**Exercise goal**: Give the records again exactly. Pictures do not belong in the copy.

Brief descriptive captions:
· · · ·

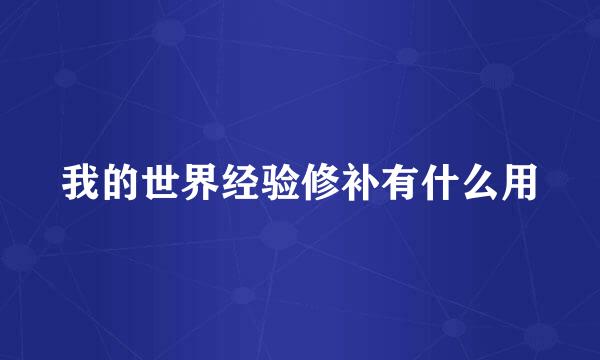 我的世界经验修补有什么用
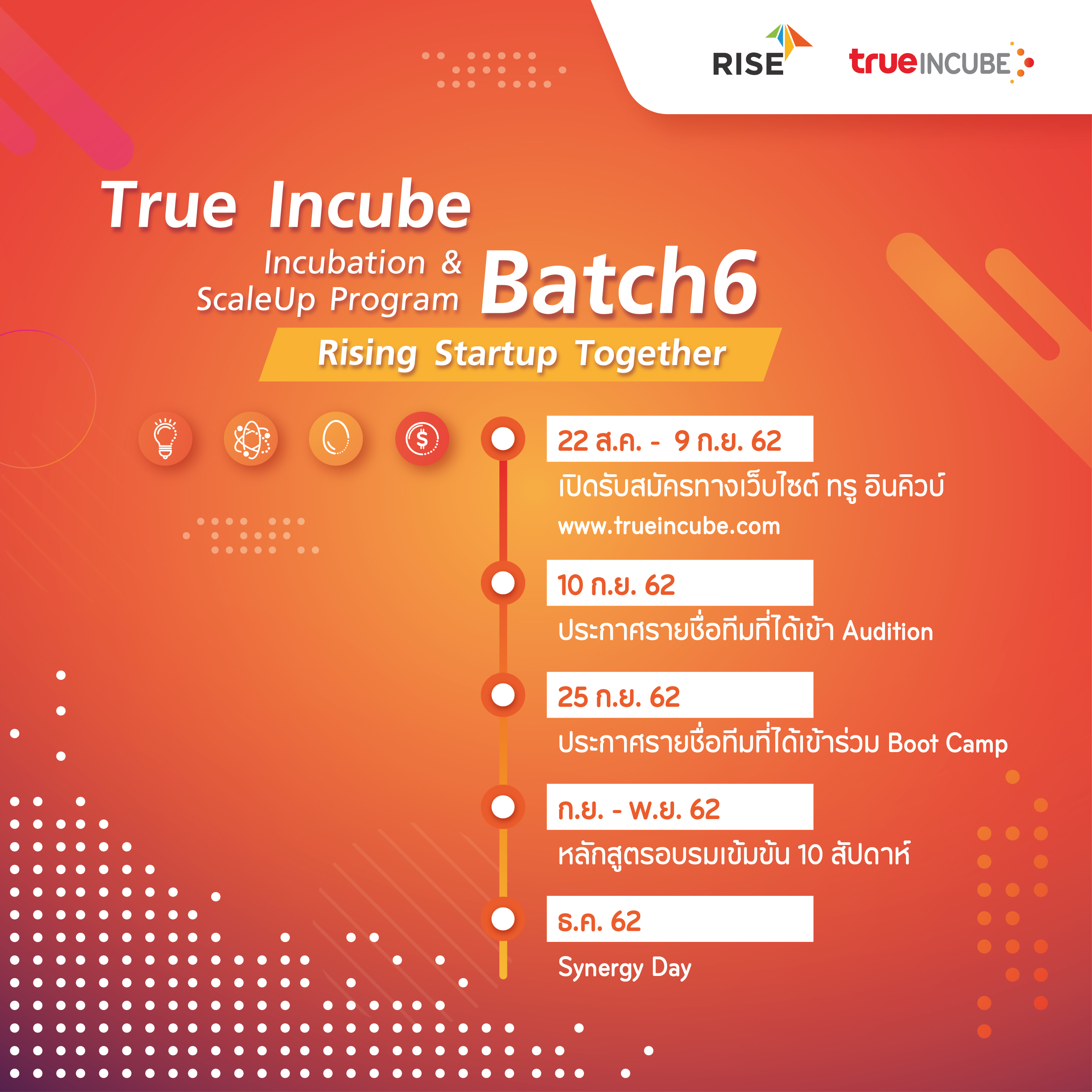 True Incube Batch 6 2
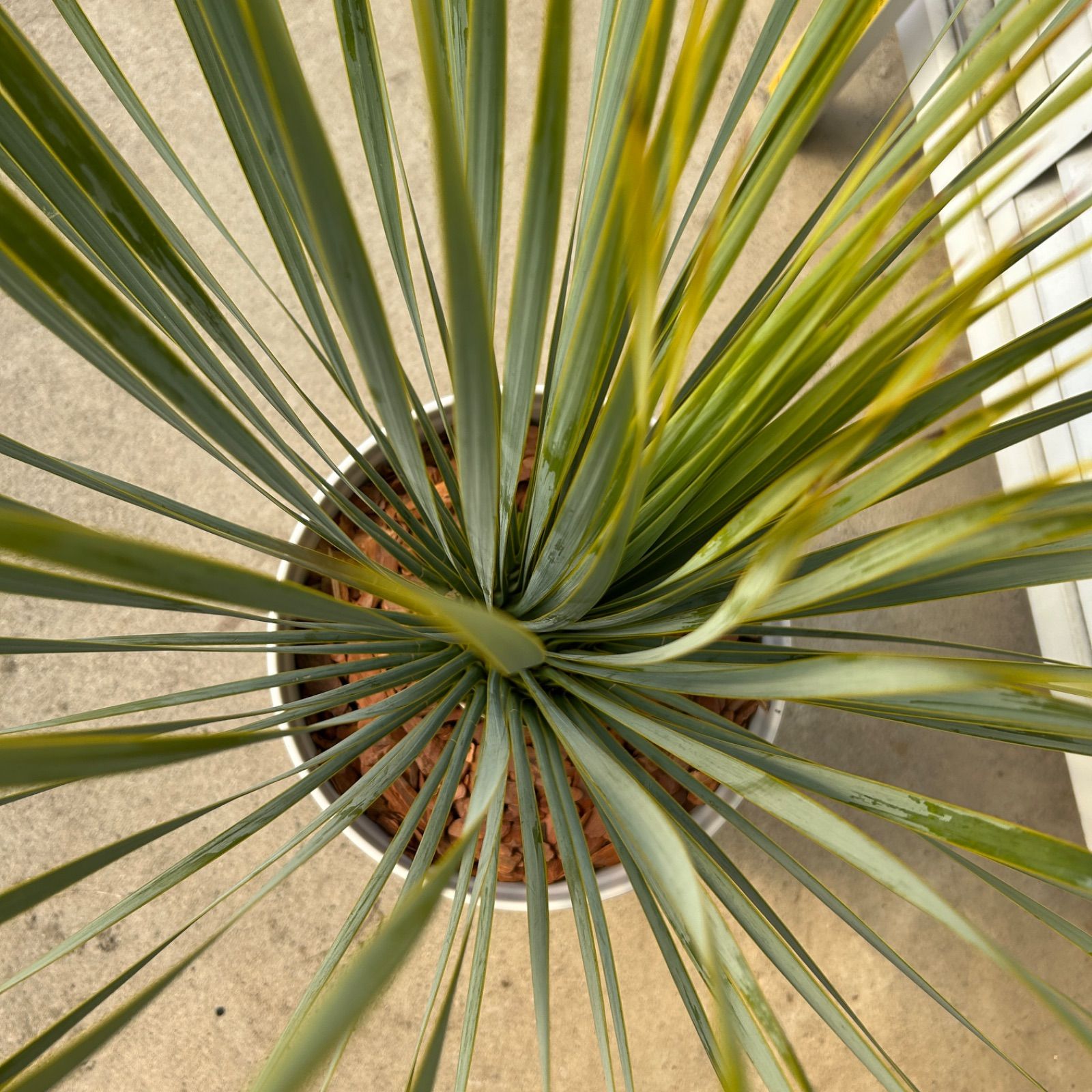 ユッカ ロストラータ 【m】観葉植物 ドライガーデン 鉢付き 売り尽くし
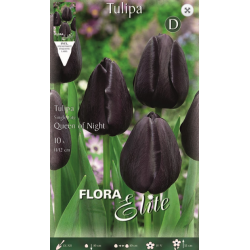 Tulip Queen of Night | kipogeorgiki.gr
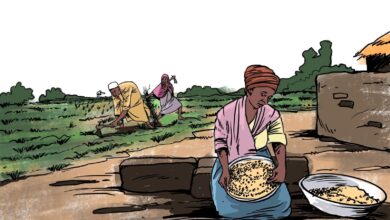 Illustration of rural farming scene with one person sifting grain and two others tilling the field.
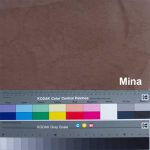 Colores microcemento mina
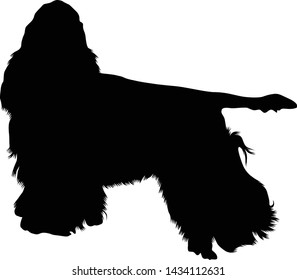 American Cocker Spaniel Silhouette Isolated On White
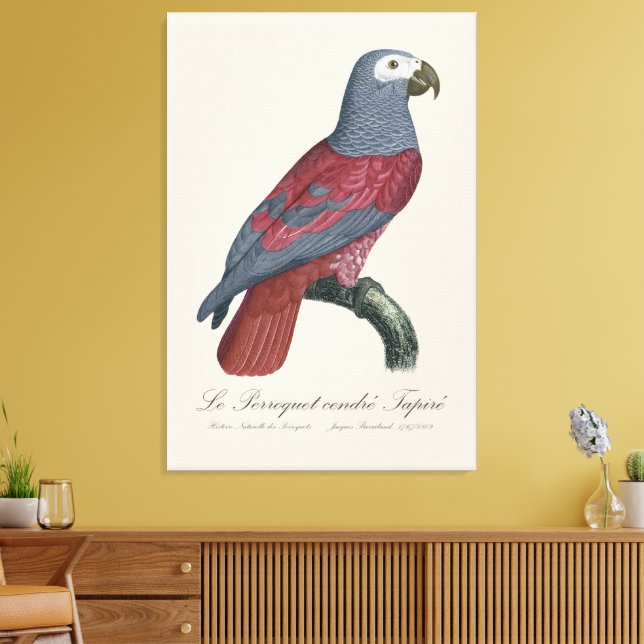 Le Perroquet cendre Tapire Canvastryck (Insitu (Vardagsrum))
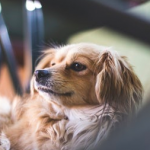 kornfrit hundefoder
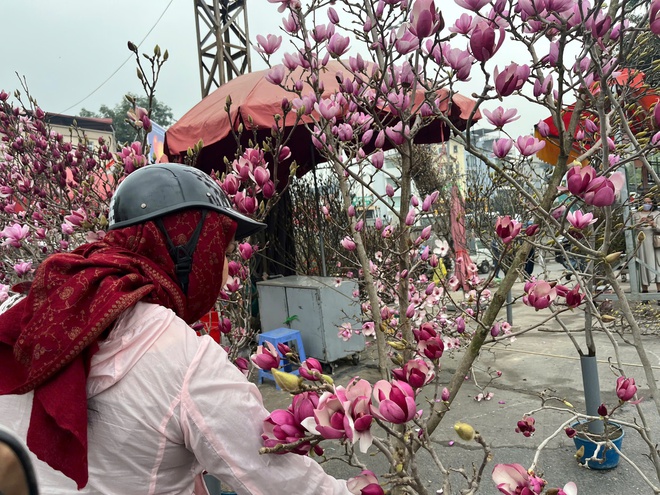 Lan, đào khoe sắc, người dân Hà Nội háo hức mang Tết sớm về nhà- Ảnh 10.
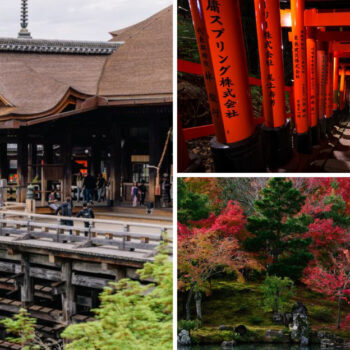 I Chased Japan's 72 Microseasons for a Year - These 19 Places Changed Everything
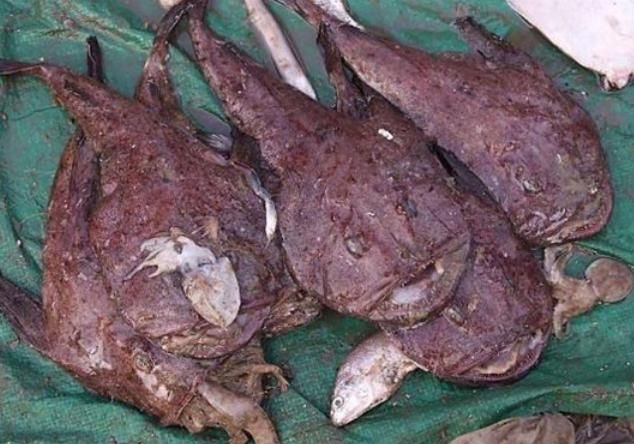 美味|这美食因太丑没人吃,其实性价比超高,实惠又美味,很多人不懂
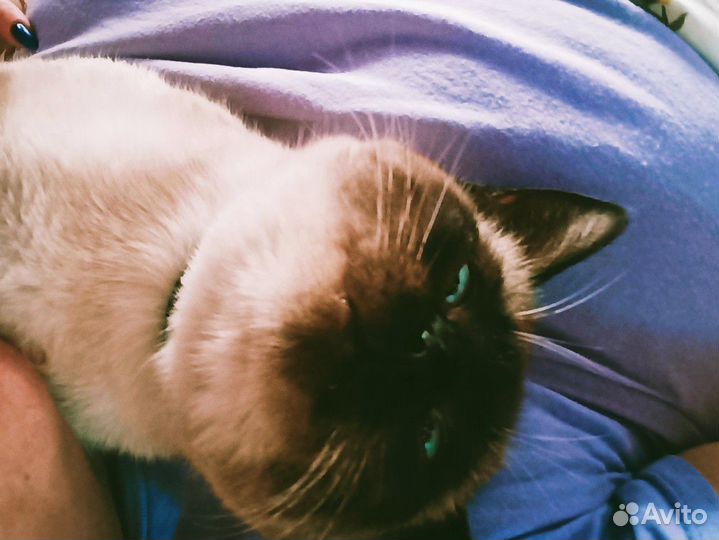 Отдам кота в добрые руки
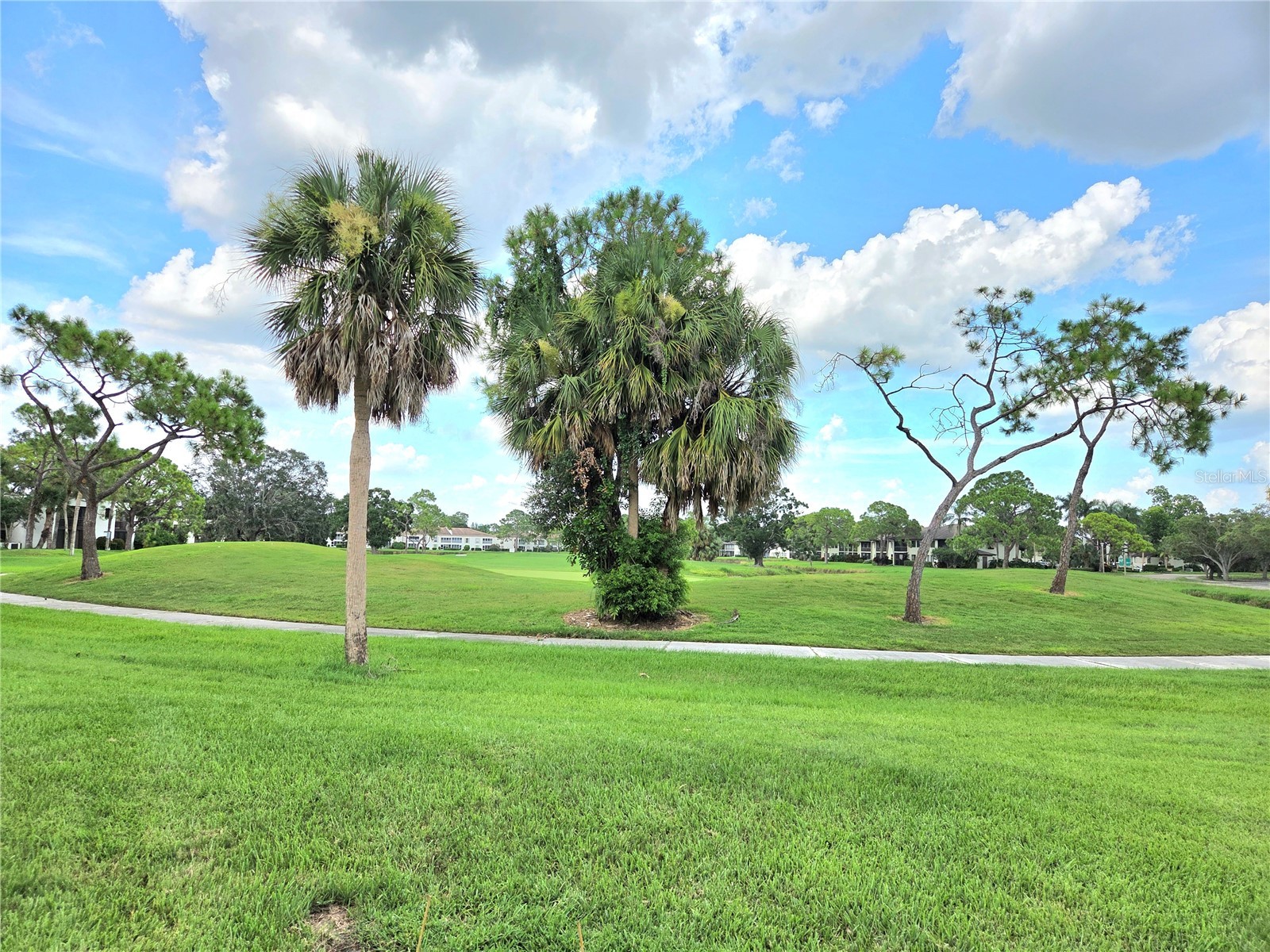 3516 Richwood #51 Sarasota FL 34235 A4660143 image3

· · · ·

**Answer below**:
 我的世界经验修补有什么用
 True Incube Batch 6 2
 ユッカ ロストラータ 【m】観葉植物 ドライガーデン 鉢付き 売り尽くし
 Tulip Queen of Night | kipogeorgiki.gr
 Illustration of rural farming scene with one person sifting grain and two others tilling the field.
 Colores microcemento mina
 American Cocker Spaniel Silhouette Isolated On White
 Le Perroquet cendre Tapire Canvastryck (Insitu (Vardagsrum))
 kornfrit hundefoder
 Lan, đào khoe sắc, người dân Hà Nội háo hức mang Tết sớm về nhà- Ảnh 10.
 I Chased Japan's 72 Microseasons for a Year - These 19 Places Changed Everything
 美味|这美食因太丑没人吃,其实性价比超高,实惠又美味,很多人不懂
 Отдам кота в добрые руки
 3516 Richwood #51 Sarasota FL 34235 A4660143 image3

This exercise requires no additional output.